Her eyes locked my body in place. Her jaws held open and she presented her tongue to me. I could see smears of ash and leek and animal fat, already fading in her saliva against the berry-red of her glistening tongue. Still staring at me, she pulled her tongue into her mouth, sealed behind her lips, and swished the ritual paint before swallowing it down in a performance of unmistakable meaning.
There we sat for a moment, Varaborg staring into me, as I hunched shivering in the center of her palm. Were we done? What happened next? I wanted to ask, but my throat had seized up, whether from the late-winter gusts of midnight, the altitude at which she held me, or the experience of nearly being swallowed by an unimaginably powerful woman, I don’t know. Words had fled, my throat wouldn’t cooperate. I could only shiver and look back at her in confusion and fright and a lust my little body couldn’t contain for much longer.
Up rose her head, her smirking face. Up floated her breasts, rising gently with her deep inhale. Up rose the black spiral on her belly like the sun of a strange new day. And up rose her thighs, colossal, powerful, engulfing me.
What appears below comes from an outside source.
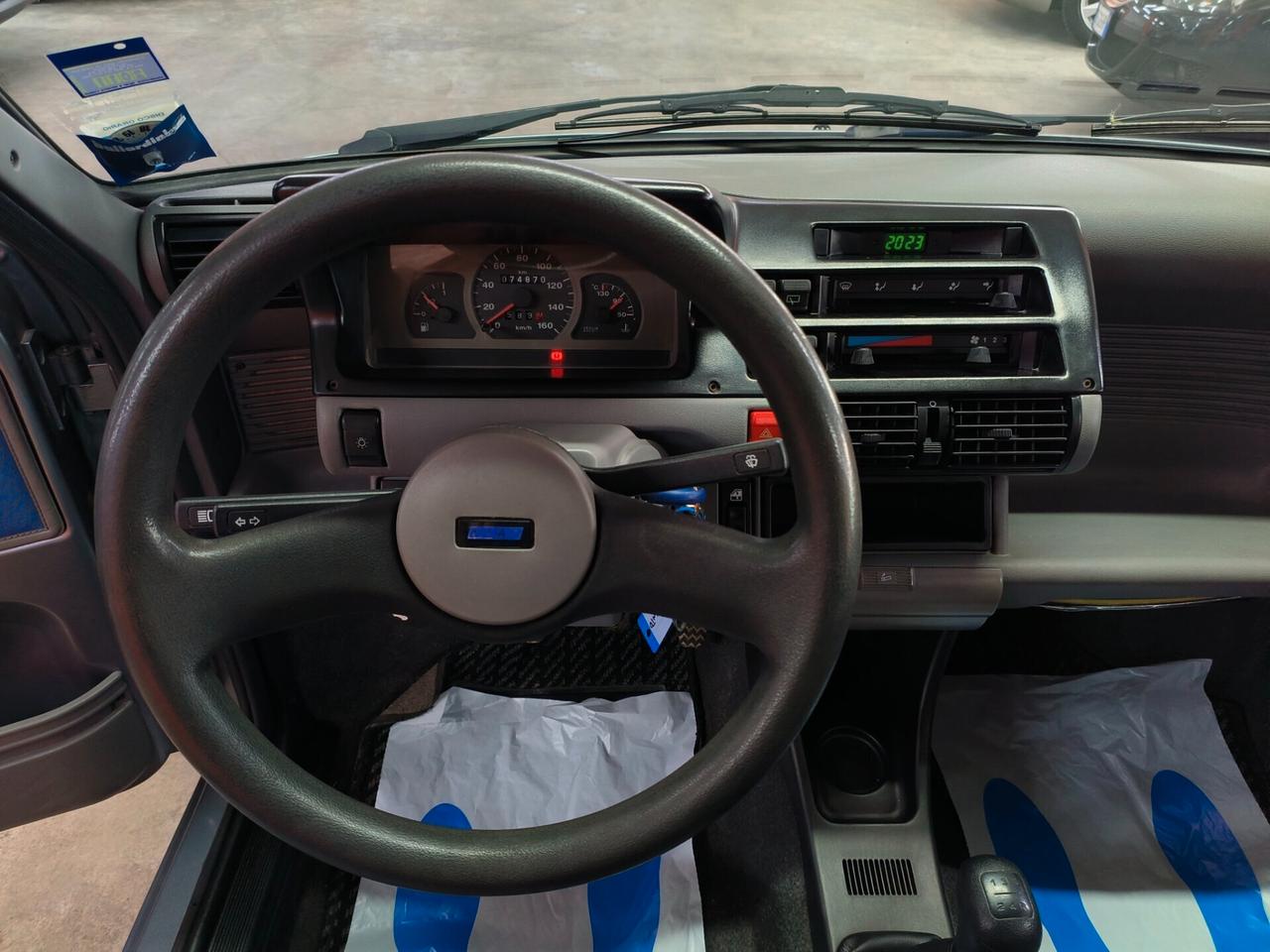 Fiat Cinquecento 900i cat SX Unico Propr.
“Return to me, my lover.” Her voice rumbled like distant thunder, as her hand guided me into her furry nest. “You will return to me in two suns, whole and unharmed. Now you belong to me.” The thick panels of hairy flesh pressed into me, spread around me, and I was bathed in the syrupy fire of her core. My petition would be successful, I would protect my village from the raiders. This, I knew, as my arms sank into drenched curtains of fragile skin.
But the ritual was not over, and a dried fish and half a cake of grain and fat was indeed not a sufficient offering.